Goal of the exercise: Reproduce exactly the lines below from the one containing "Golden capital letter." through the one containing "Kids' Hoku II", including both, and nothing else.

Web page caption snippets
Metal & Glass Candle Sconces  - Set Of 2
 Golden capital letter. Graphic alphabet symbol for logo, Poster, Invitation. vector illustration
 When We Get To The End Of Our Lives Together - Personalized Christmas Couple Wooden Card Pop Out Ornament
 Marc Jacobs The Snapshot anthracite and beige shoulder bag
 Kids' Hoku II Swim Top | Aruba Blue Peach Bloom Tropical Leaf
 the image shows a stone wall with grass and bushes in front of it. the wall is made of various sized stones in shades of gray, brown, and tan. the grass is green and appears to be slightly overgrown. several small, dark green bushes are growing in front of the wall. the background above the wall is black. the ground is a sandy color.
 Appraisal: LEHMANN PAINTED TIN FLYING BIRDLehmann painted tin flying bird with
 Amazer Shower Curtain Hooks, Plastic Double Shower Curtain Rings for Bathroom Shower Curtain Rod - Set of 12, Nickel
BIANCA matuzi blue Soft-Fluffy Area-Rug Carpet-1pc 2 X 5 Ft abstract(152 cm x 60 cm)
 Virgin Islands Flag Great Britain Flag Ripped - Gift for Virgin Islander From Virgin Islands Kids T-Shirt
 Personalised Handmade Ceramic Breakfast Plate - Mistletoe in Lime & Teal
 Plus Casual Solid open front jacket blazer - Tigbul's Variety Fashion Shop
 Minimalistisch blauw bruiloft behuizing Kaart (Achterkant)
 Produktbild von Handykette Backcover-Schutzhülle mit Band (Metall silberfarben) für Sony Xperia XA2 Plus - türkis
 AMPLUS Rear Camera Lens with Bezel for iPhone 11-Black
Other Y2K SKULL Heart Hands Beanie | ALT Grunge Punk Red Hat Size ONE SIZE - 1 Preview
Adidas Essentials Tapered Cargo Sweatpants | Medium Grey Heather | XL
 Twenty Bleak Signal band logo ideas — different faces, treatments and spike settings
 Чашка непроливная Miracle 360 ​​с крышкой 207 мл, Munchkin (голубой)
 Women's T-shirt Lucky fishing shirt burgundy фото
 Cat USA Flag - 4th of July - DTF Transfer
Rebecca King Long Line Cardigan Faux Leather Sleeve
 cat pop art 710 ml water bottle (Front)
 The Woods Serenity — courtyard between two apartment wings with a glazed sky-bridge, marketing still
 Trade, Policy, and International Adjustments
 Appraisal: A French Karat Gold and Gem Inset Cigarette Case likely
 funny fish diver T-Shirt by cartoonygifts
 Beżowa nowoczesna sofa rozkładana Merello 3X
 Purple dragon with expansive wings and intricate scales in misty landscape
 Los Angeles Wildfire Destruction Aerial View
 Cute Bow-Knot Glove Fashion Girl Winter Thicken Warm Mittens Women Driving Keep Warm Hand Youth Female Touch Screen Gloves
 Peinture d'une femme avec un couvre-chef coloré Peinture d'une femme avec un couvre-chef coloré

Response:
 Golden capital letter. Graphic alphabet symbol for logo, Poster, Invitation. vector illustration
 When We Get To The End Of Our Lives Together - Personalized Christmas Couple Wooden Card Pop Out Ornament
 Marc Jacobs The Snapshot anthracite and beige shoulder bag
 Kids' Hoku II Swim Top | Aruba Blue Peach Bloom Tropical Leaf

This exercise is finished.